ArtSciColor [pt. 2]

 

Following up the clustering post, we now batch-process our images, and wrap up the palettes in a pypi package.

Following up the clustering post, we now batch-process our images, and wrap up the palettes in a pypi package.

The first part of this work dealt with identifying the dominant colors in artwork, but it still neded some work in order to generate the batch processing of the palettes to ship them in a pypi package.


Intro

Having coded our dominant color identifier, we want to auto-process our artworks and export their palettes to a database for sharing in a pypi package. I want users to be able to use this package’s color palettes by simply loading them by their hash ids. To be able to do this in a simple way, we need to share the serialized databases through pypi and to provide with a way to easily browse the palettes in its github repo.

CodeDev

This time, the code will focus more on automating calls to our clustering script and making sure that we handle our palettes databases in consistent ways that allow us to share our results in our pypi project.

Batch-Processing

Let’s get started with the automated processing of the artworks and their storage in our databases.

Swatches Databases

To keep things as simple as possible I decided to store the palettes data in two structures:

  • A dictionary relating the hashed palette ID to the list of colors available in the palette (serialized).
  • A dataframe containing artist, title, palette, hash, clusters, clustering, url, filename for each artwork (serialized and CSV).
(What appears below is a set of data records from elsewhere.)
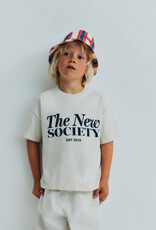 THE NEW SOCIETY THE NEW SOCIETY Bonsai t-shirt ecru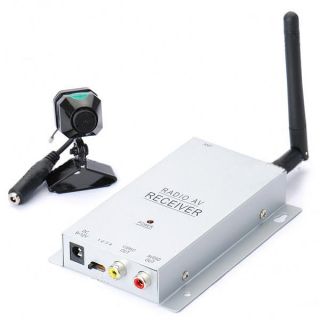 CCTV Kamera Überwachungskamera Nachtsicht Wireless Camera 15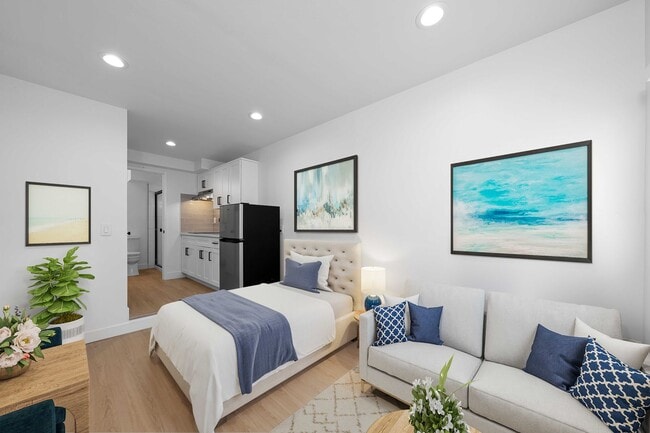 Building Photo - Just Completed: New Studios Available - Te... Unit 9 Rental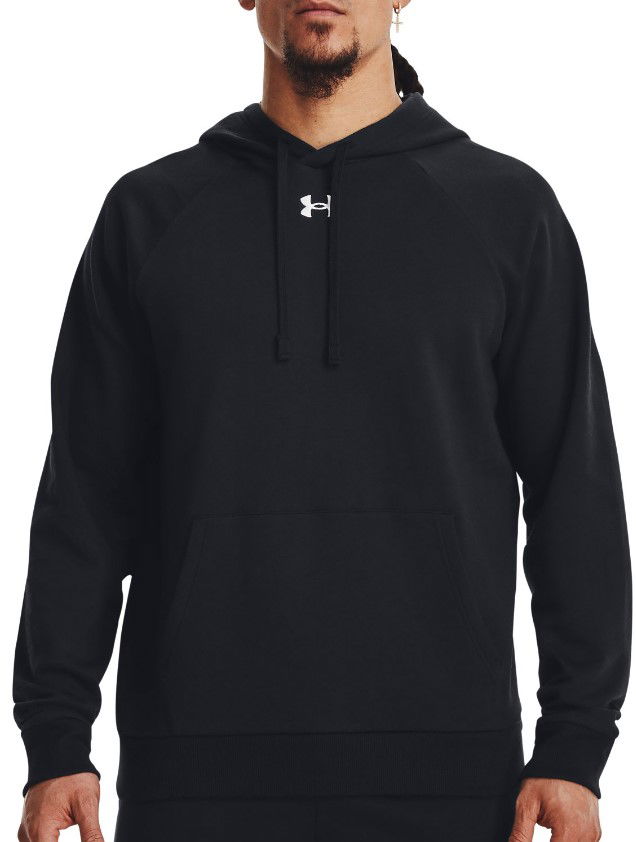 Sweatshirt Under Armour Rival Fleece Sort | 1379757-001, 0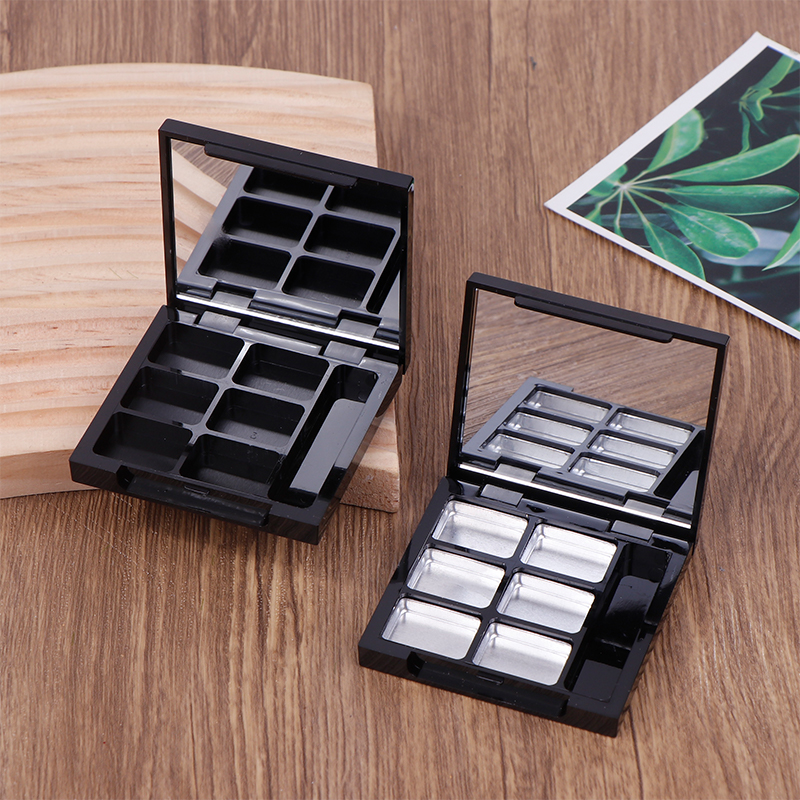 Empty Rouge Palette Eye Makeup - Workshop Tools Cabinet avaliação e preço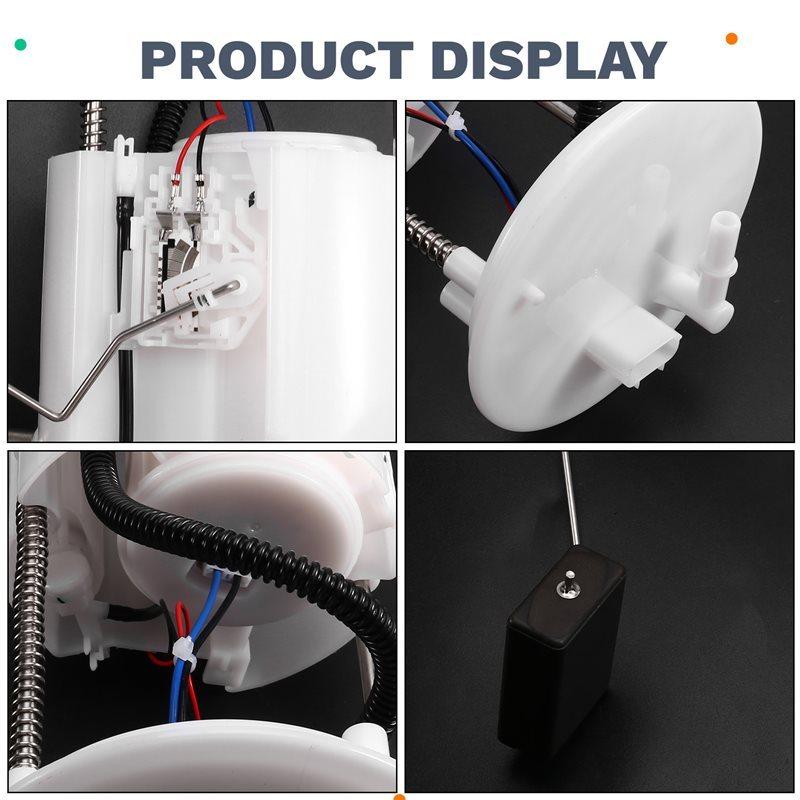 New Fuel Pump Module Assembly Fit For Mazda CX-9 CX9 2016- 2.5L L4 PYFM-13-35X PYFM1335X PYFM-13-35XA PYFM1335XA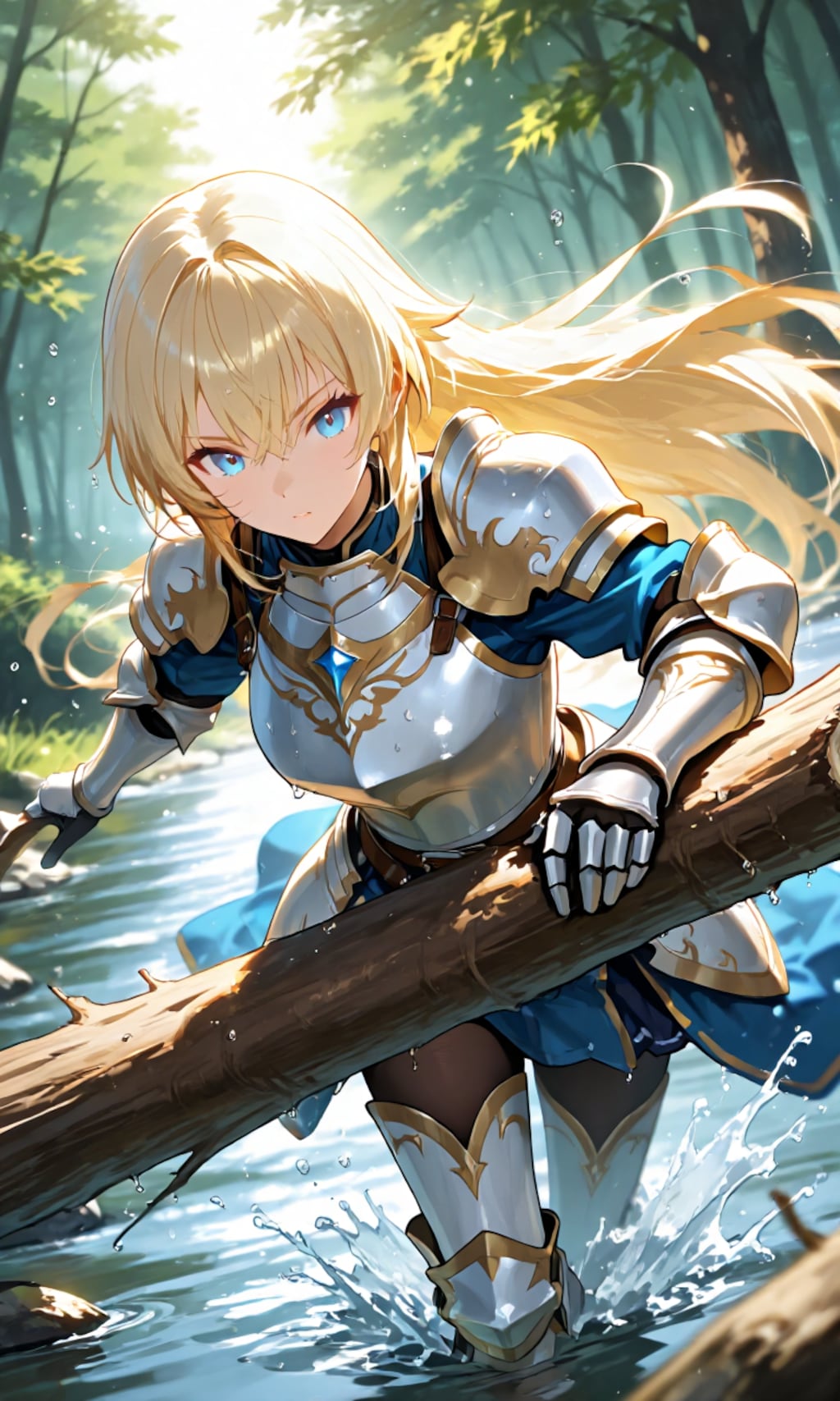 アストリアの日常11「偵察任務、完璧失敗の連鎖編」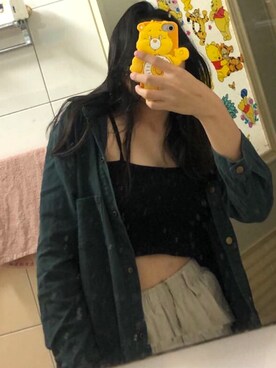 張芷綺さんのコーディネート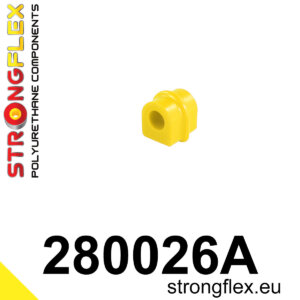Strongflex Puša zadnjega stabilizatorja SPORT za NISSAN MAXIMA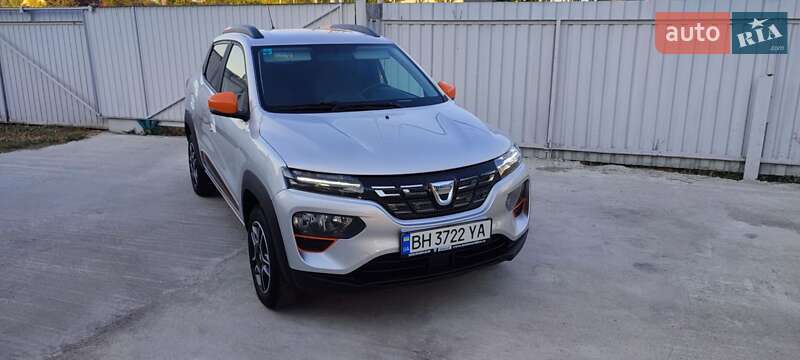 Dacia Spring 2021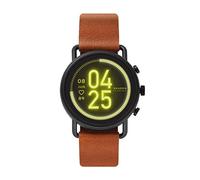 Skagen Herrenuhr-Smartwatch, Falster 3 Edelstahl-Touchscreen-Smartwatch mit Lautsprecher, Herzfrequenz-, NFC- und Smartphone-BenachrichtigunGen SKT5201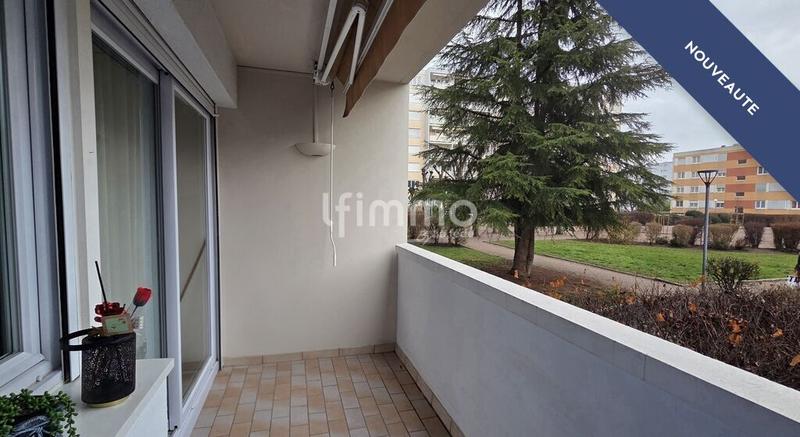 Appartement - 66 m² - 3 pièces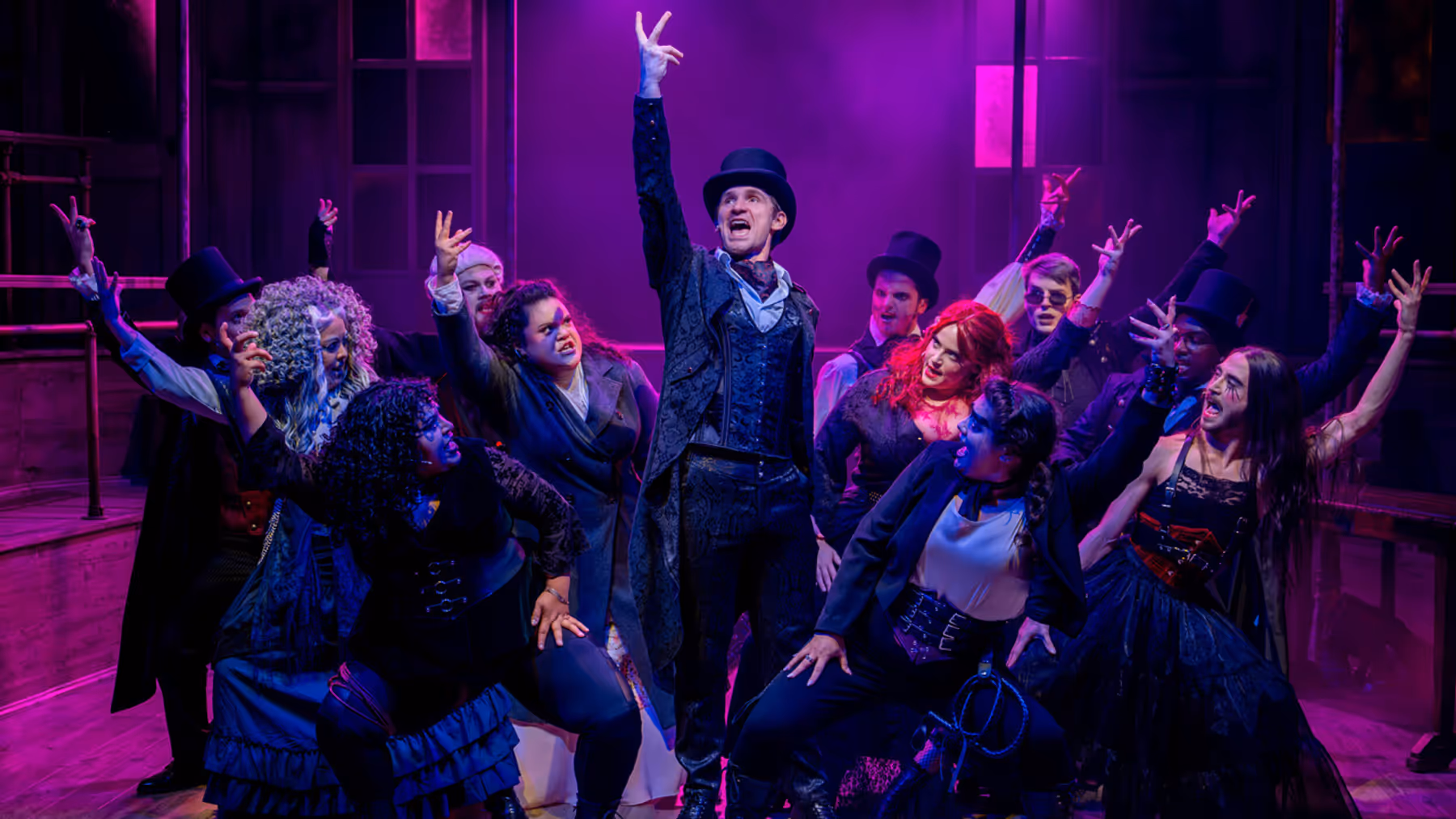 Review: Kokandy Productions' JEKYLL & HYDE at Broadway In Chicago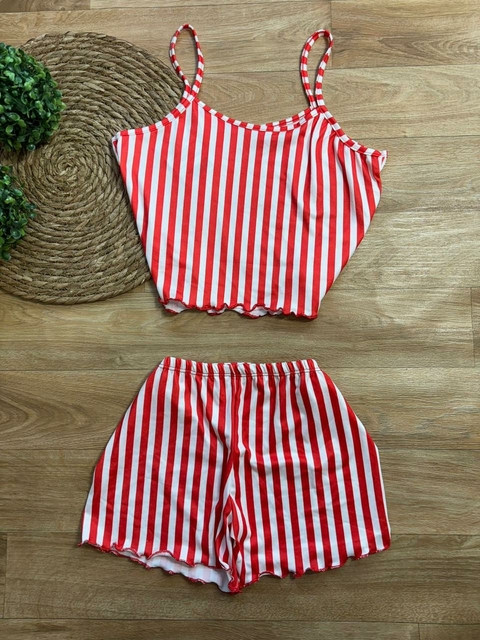 BABYDOLL INFANTIL 8 ANOS 0400319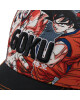 Capslab Шапка с козирка Dragon Ball Goku CL/DBZ4/1/GOK Black - Mera.bg
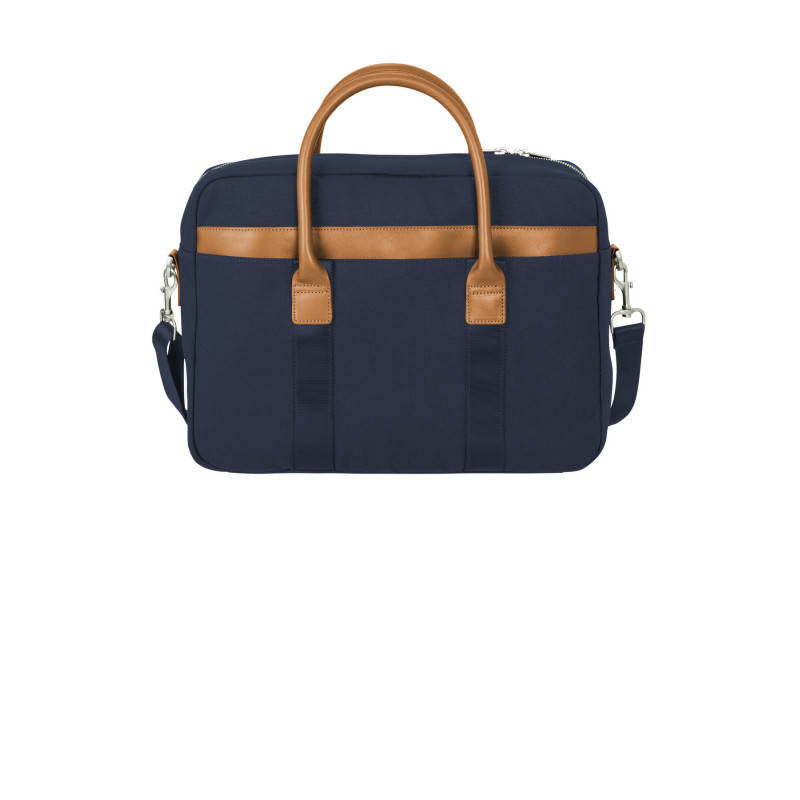 Brooks Brothers Wells Briefcase BB18830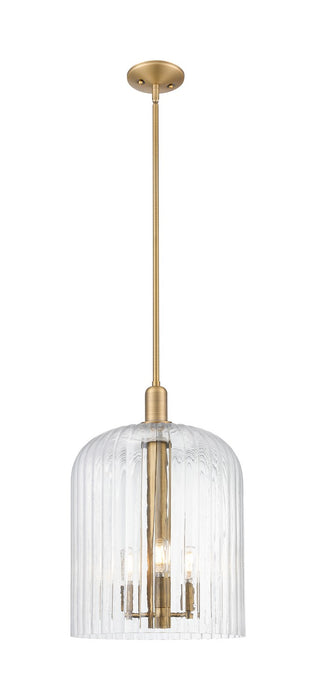 Innovations 716-3S-BB-G559-12CL One Light Pendant, Brushed Brass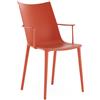 KARTELL poltroncina H.H.H. HER HIGHEST HIGHNESS MAT - 5920-PR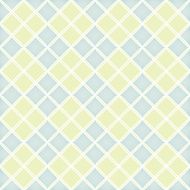 geometric pattern quilted N2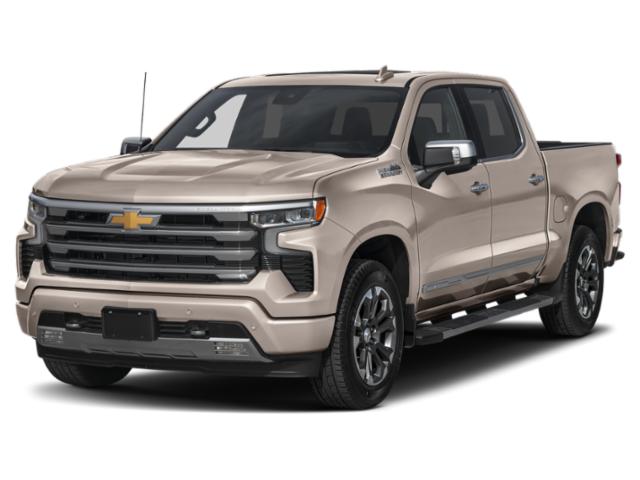 2026 Chevrolet Silverado 1500 4WD Crew Cab Short Bed High Country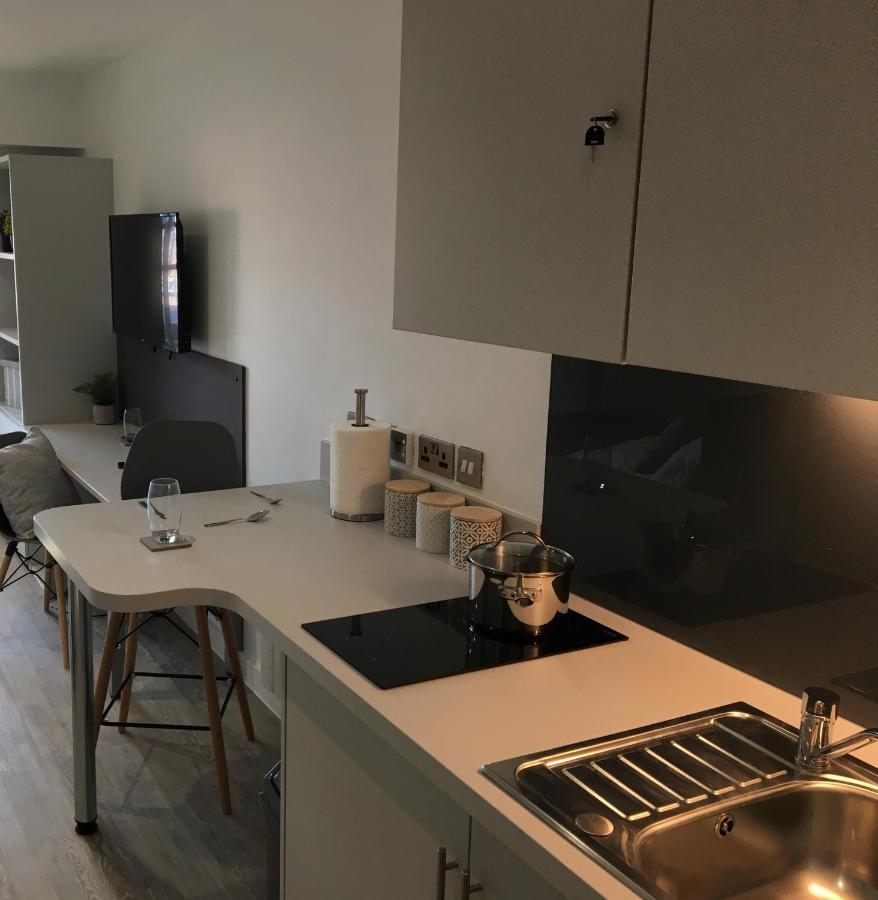 Modern Studios, Newcastle Under Lyme - Sk Dış mekan fotoğraf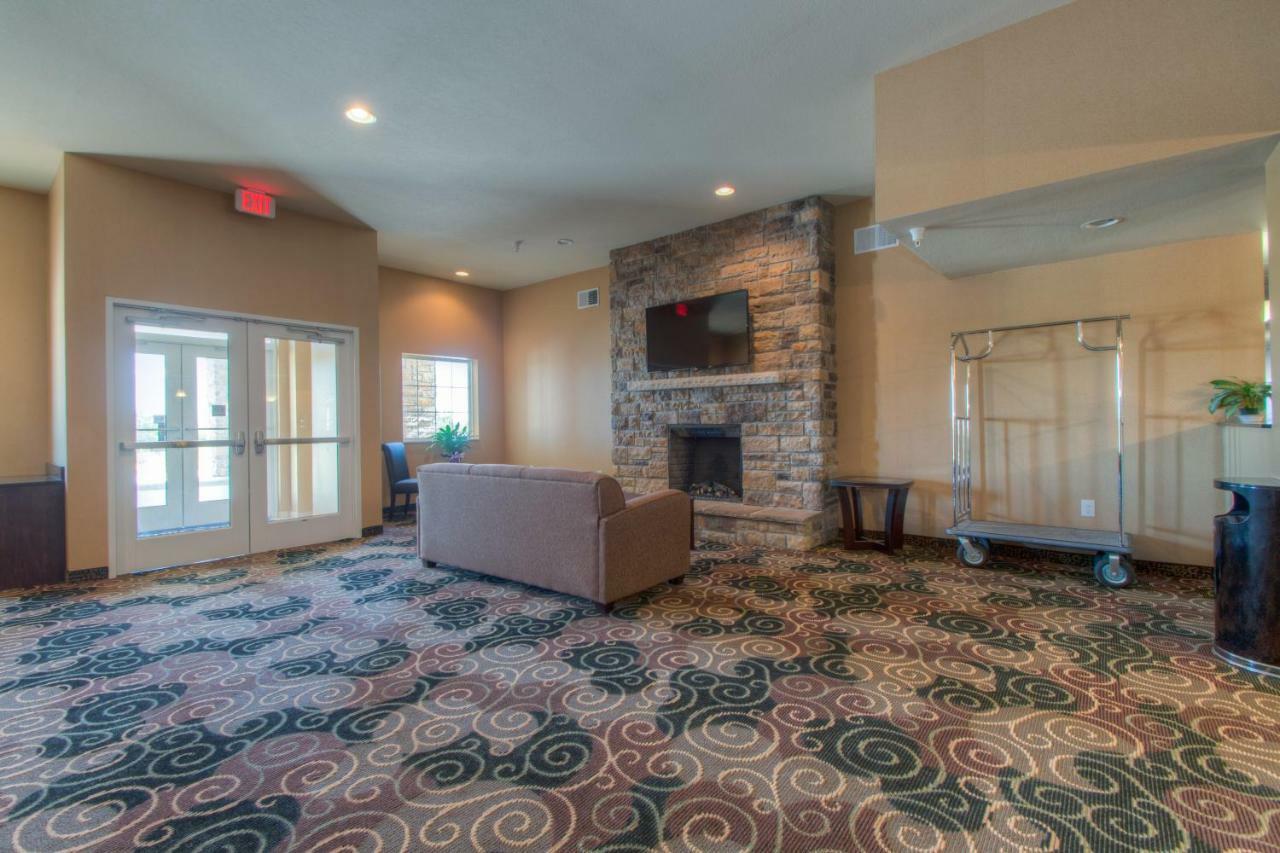 Cobblestone Inn & Suites - Wray Exteriör bild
The process I decided to follow for each entry of these databases was:

* Load the database file
* Identify dominant colors
* Generate artwork entry
* Concatenate the entry to the database and drop duplicates if needed
* Export database to disk

Where the palette’s ID is created by generating the sha256 from the concatenation of the palette’s artist name and artwork title, and is stored in the hash column of the dataframe.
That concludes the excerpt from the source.